4) As fans, we have had to rely on outside sources to even tell us when the infringements involving late tax payments were made. But we still don’t know how much money each of the late payments involved. So
a) What sums did each of the five individual infringements involve?
b) If the club is still not prepared to tell us – why not? If the answer is `commercial privilege’; can the Board please explain what definition of this term (or any other excuse they might proffer) could possibly be more harmful to the club than the reputational damage these repeated failures have already caused?
I won’t bore you with the grizzly details of what happened next but my efforts to get the Board to actually consider – let alone answer – these questions fell on stony ground. Furthermore, it has been made very plain to me that the B.o.D. are not going respond at all to our collective worries about their elusive attitude towards the VAT fiasco.
They seemed equally unmoved by our really seriously worrying shared concerns about their failure to even acknowledge the further threat of a points deductions from the EFL, let alone share with us their plans to avoid it. Maybe relegation to avoid having to deal with this scenario at all has been their aim all along…

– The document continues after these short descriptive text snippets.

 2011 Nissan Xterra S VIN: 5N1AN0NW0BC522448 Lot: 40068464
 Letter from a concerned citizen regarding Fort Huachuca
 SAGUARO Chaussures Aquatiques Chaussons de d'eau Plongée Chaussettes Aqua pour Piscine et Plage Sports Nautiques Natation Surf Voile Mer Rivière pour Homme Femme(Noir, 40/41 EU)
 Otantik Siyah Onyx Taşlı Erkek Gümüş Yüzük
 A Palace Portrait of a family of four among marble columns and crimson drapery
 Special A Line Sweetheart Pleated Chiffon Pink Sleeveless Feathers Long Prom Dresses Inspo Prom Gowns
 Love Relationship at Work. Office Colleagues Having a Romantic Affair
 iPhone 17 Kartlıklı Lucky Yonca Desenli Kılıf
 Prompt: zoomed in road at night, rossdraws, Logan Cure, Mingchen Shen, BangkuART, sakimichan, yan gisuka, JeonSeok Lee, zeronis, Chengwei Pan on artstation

I jest. However, I have learnt subsequently that explaining some of the aspects of the VAT fiasco involves legal issues which it is best not to interfere with but I despair when the club doesn’t even make any attempt to suggest this as a reason for their silence about this absolutely key subject. We’ve all heard the rumours that some of the matters involved in this fiasco could be genuinely sub judice as pending court cases could have a bearing on the ultimate responsibility for the cock-up. But does the B.o.D. think we are collectively too thick – or whatever – to understand or appreciate this? Or is it none of our business in their opinion?
They may not think any of these things. But the basic problem of communication between the Board and the Morecambe fanbase is that is we have little idea what they actually do think – because they rarely tell us.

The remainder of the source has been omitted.